Как она боялась, что не позовут на костер в Лаг ба-Омер, и придется сидеть дома с Лялей и Гинзбургом, пока остальные ребята балдеют у ночного огня! А карнавал на Пурим! Маша специально попросила родителей купить костюм клоуна. Да, не принцессы в чудесном длинном платье с кружевными оборками и не сказочной феи в сверкающей мантии, а толстого глупого клоуна с красным носом – пусть уж все смеются над костюмом, а не над ней самой.
А сколько мучений было с именем. «Мар-рыя! Шем ноцри»[3], – морщила нос Мааян. «Шем ноцри! Шем ноцри!» – радостно вторили мальчишки, прыгая как козлы.
– Да врежь ты ей раз, чтоб не выступала! – гневно требовал папа.
– Еще не хватало! Просто не обращай внимания, – убеждала мама.
– Может, нужно пойти в школу и объяснить, что в понятии «христианское имя» нет никакой крамолы? – размышлял вслух Гинзбург.
– С ума вы все посходили! – Ляля привычно махнула рукой. – Надо поменять имя, вот и все!
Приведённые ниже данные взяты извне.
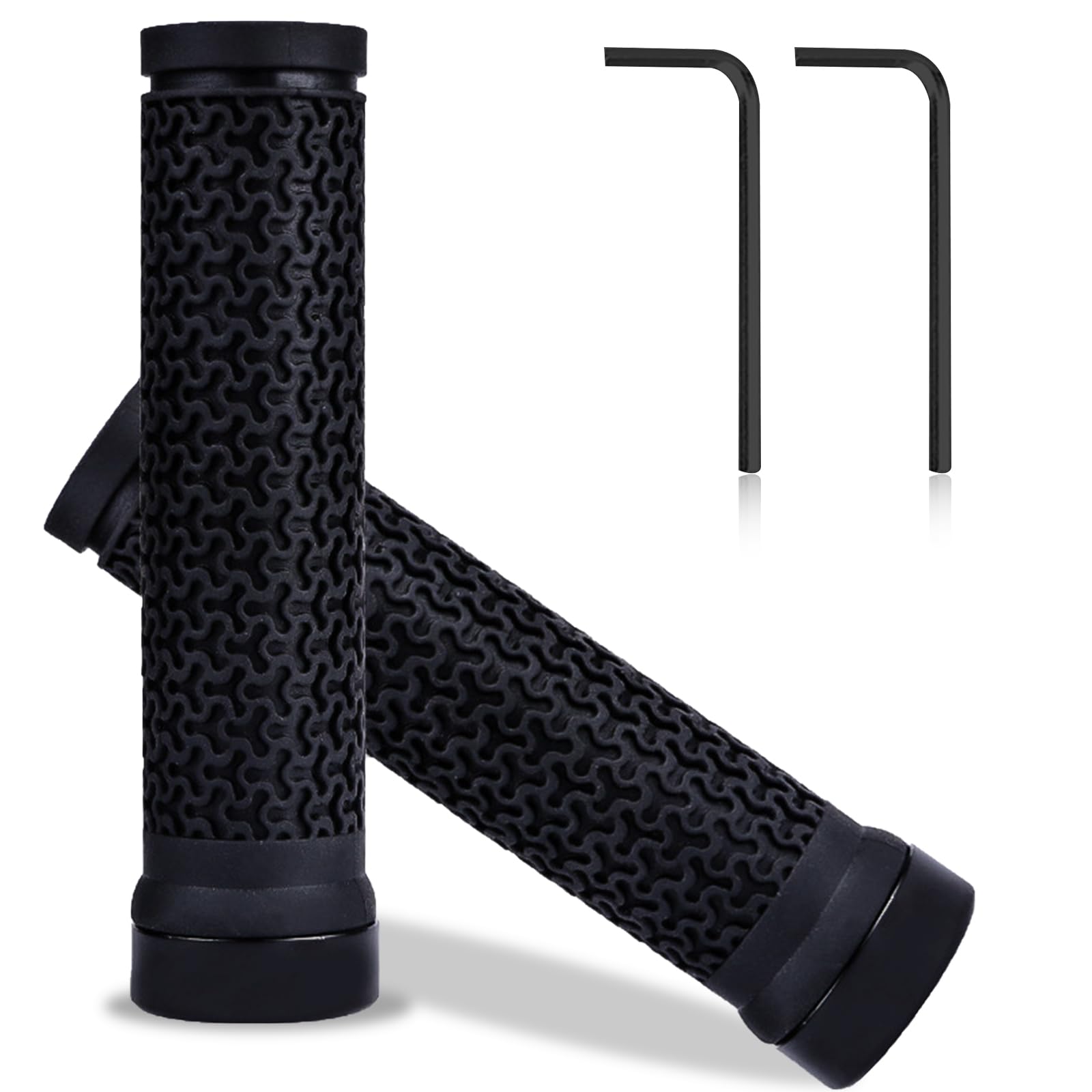 Bike Handlebar Grips, 2 PCS Rubber Mountain Bike Grips Bicycle Handlebar Grips Lock On with 1 Pair of Allen Wrench, Anti-Slip Handle Bar Grips for Bike Scooter BMX MTB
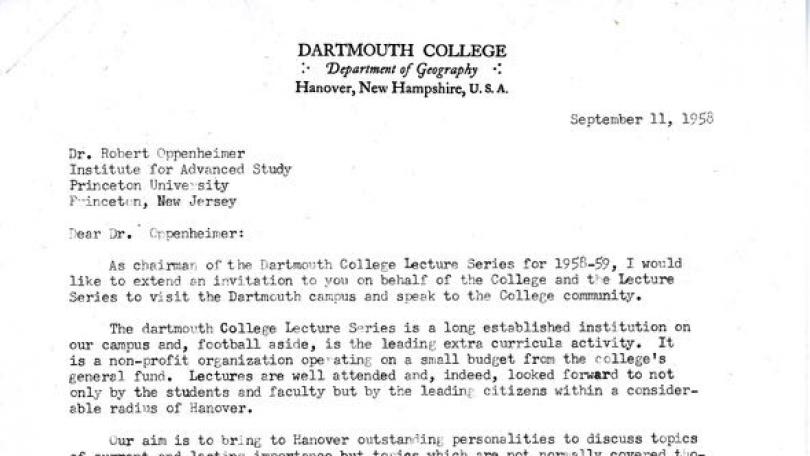 letter inviting J Robert Oppenheimer to lecture at Dartmouth College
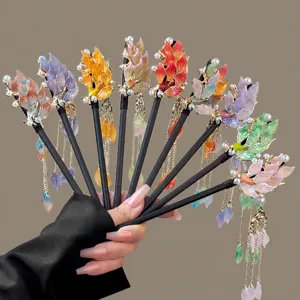 Traditional Chinese floral tassel hair stick hanfu wooden hairpin vintage hair accessories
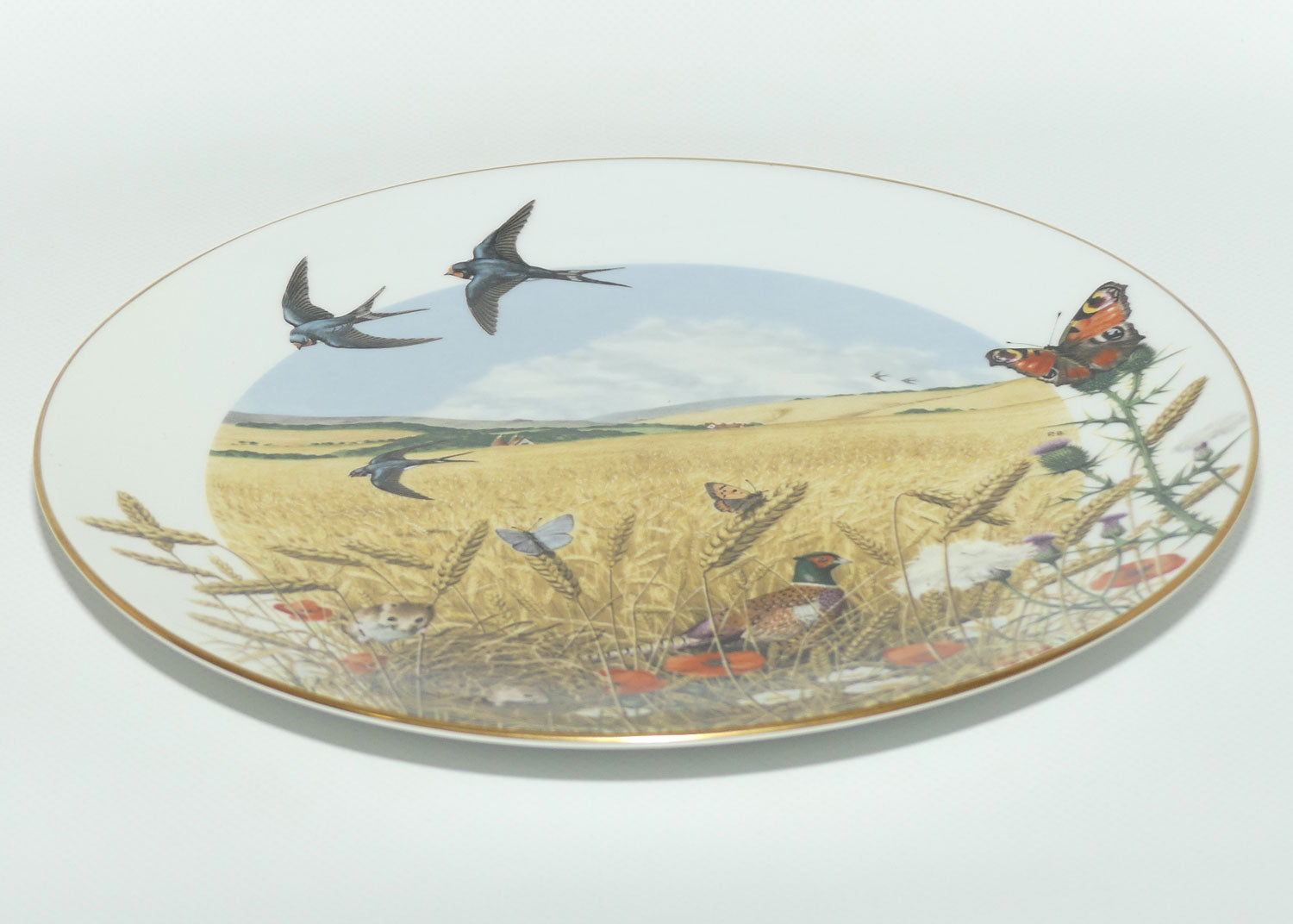 Royal Worcester for Franklin Porcelain | Peter Barnett | Months series | plate #8 | The Wheatfields in August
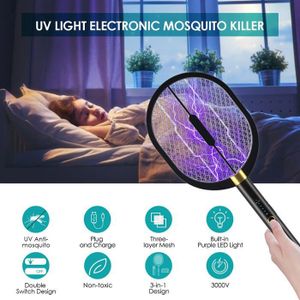 Raquette Electrique Insectes,2023 Rechargeable USB Raquette Anti Moustiques Électrique Pour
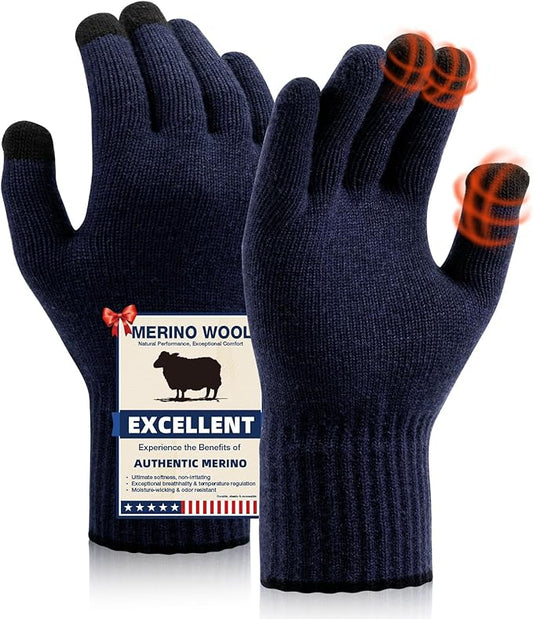 Merino Wool Gloves for Men Women, Touch Screen Warm Glove Liners Thermal Soft Knit Lining for Winter Running Hiking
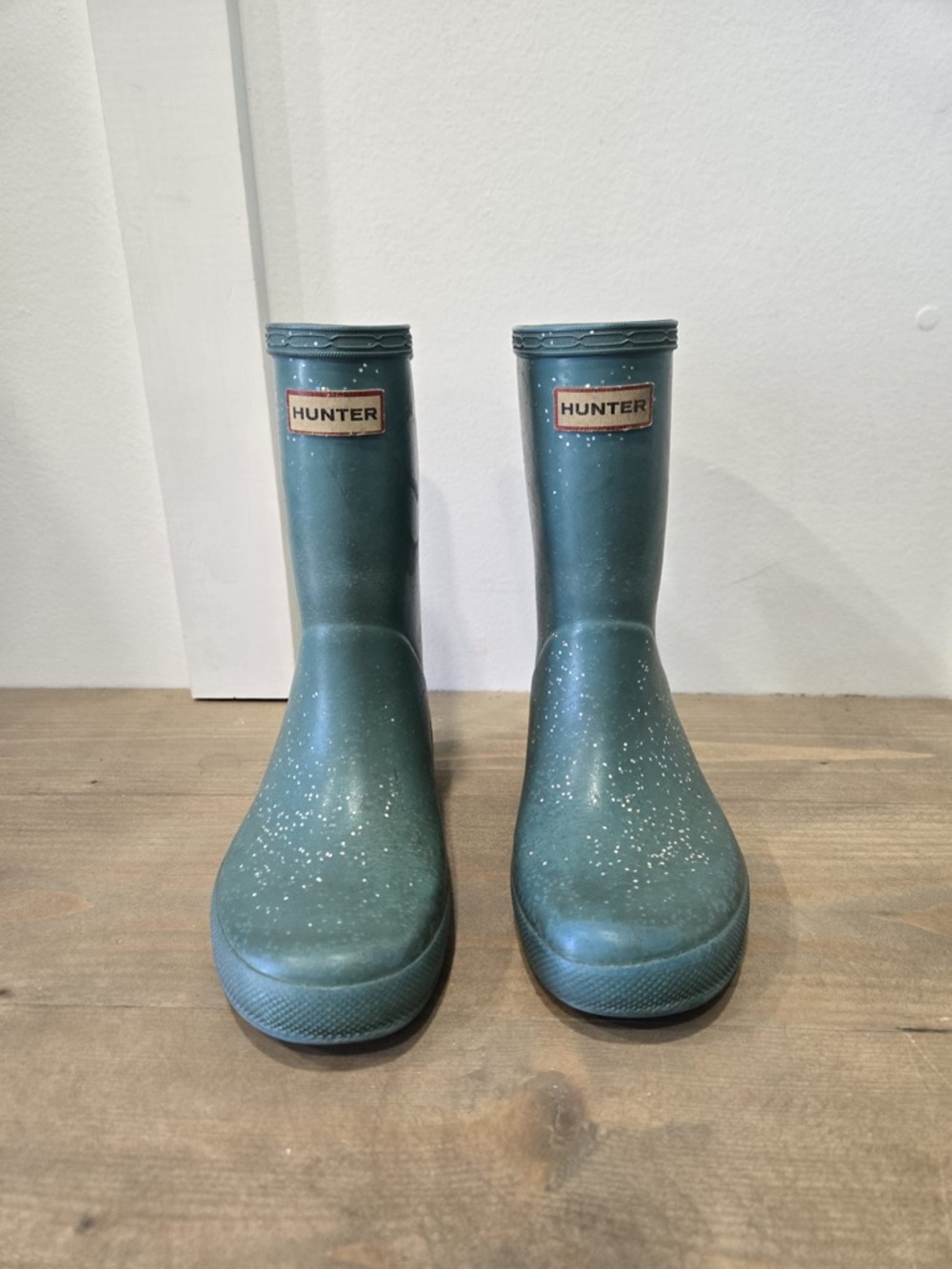 Hunter Kids Teal Glitter Rain Boots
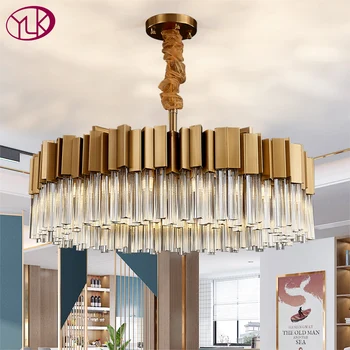 De lux modern, lumina de cristal candelabru pentru living aur periat led-uri cristal lampă rotundă decor acasă lanț corp de iluminat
Пусть будет Мишель, например. Просто шикарно. «I need you, I need you…» – пропела она с ужасным русским акцентом.
– А что? – рассмеялся папа, – хорошо звучит, – Мишель Полак, почти как Мишель Пфайффер, экспортный вариант!
– Гениально! – проворчал Гинзбург, – всю жизнь мечтал! Можно еще в честь этого назвать… прыгающего… Майкла Джексона!
– Папа, при чем здесь Майкл Джексон?! – Ляля даже вскочила, – Ты послушай: Ми – Шель. Мирьям и Шеля. В одном имени. Будто специально для тебя!
У шестнадцатилетнего Оськи Гинзбурга, тощего долговязого ленинградского подростка образца 1939 года, было три любимых женщины – мама, младшая сестра Шеля и учительница литературы Анна Львовна Резникова.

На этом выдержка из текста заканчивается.